Mining exports, especially to China, have propelled the growth, and now account for 20% of Australian GDP. Investments in mines and related infrastructure account for 8-percent. The country also has resource projects worth A$425 billion under way or planned as miners try to meet demand from the urbanizing masses of China and India. Therefore, investors in Australian mining companies, such as BHP Billiton (BHP.N) and Rio Tinto (RIO.N), must be able to juggle several moving parts at any given moment in time. Key variables such as China’s volatile economic growth rate, the value of the US-dollar versus key currencies, central banks’ monetary policies, and an awareness of the break-even points for global miners, are just a few of the hot potatoes that investors must learn to juggle correctly.

China’s “Command and Control” Economy, One of the defining characteristics of the Chinese economy is the centralized control that the ruling Politburo has over the key facets of the economy. Highly educated and skilled technocrats pull the various levers that can either accelerate or slow the growth rate of its juggernaut economy. For example, on Nov 9th, 2008, Beijing unveiled a massive 4-trillion yuan ($586-billion) spending program, earmarked for various infrastructure projects, – a vast sum equaling 16% of China’s total economic output, in order to reverse the sharp economic downturn, that had slowed its economic growth to just +6.6%, due to the fallout from the global banking crisis.

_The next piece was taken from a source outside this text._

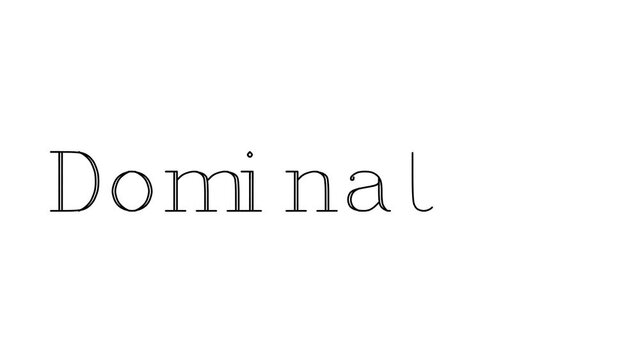 Dominatrix Animated Handwriting Text in Serif Fonts and Weights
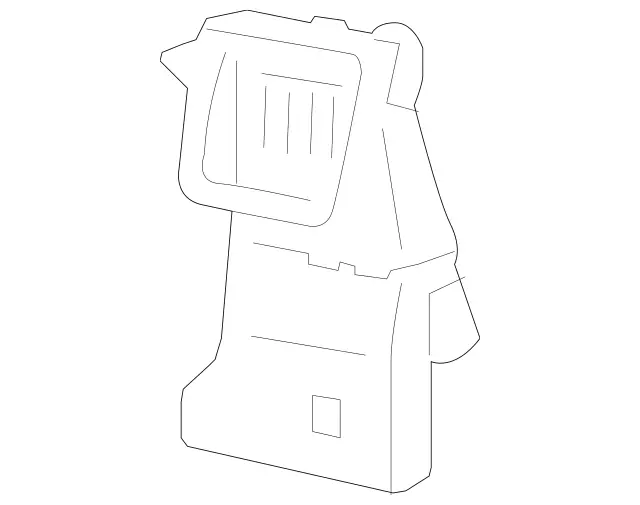 2038300840 - Heating and Ventilation: Air Duct for Mercedes-Benz: 180C, C230, C240, C280, C32 AMG, C320, C350, C55 AMG Image image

The People’s Bank of China's (PBoC), a key arm of the Politburo, flooded China’s capital markets with 1-trillion yuan ($146 billion) in excess liquidity. China’s banks were authorized to lend as much as 8-trillion yuan ($1.17-trillion) in new loans that year. As a result, the growth rate of Chinese bank lending exploded and was expanding at a +34% annualized rate. In turn, China’s broad M2 money supply had grown by +29.7% Beijing proved that its “command and control” strategy works. By Q’1 of 2010, China’s economy was growing at a +12.1% clip.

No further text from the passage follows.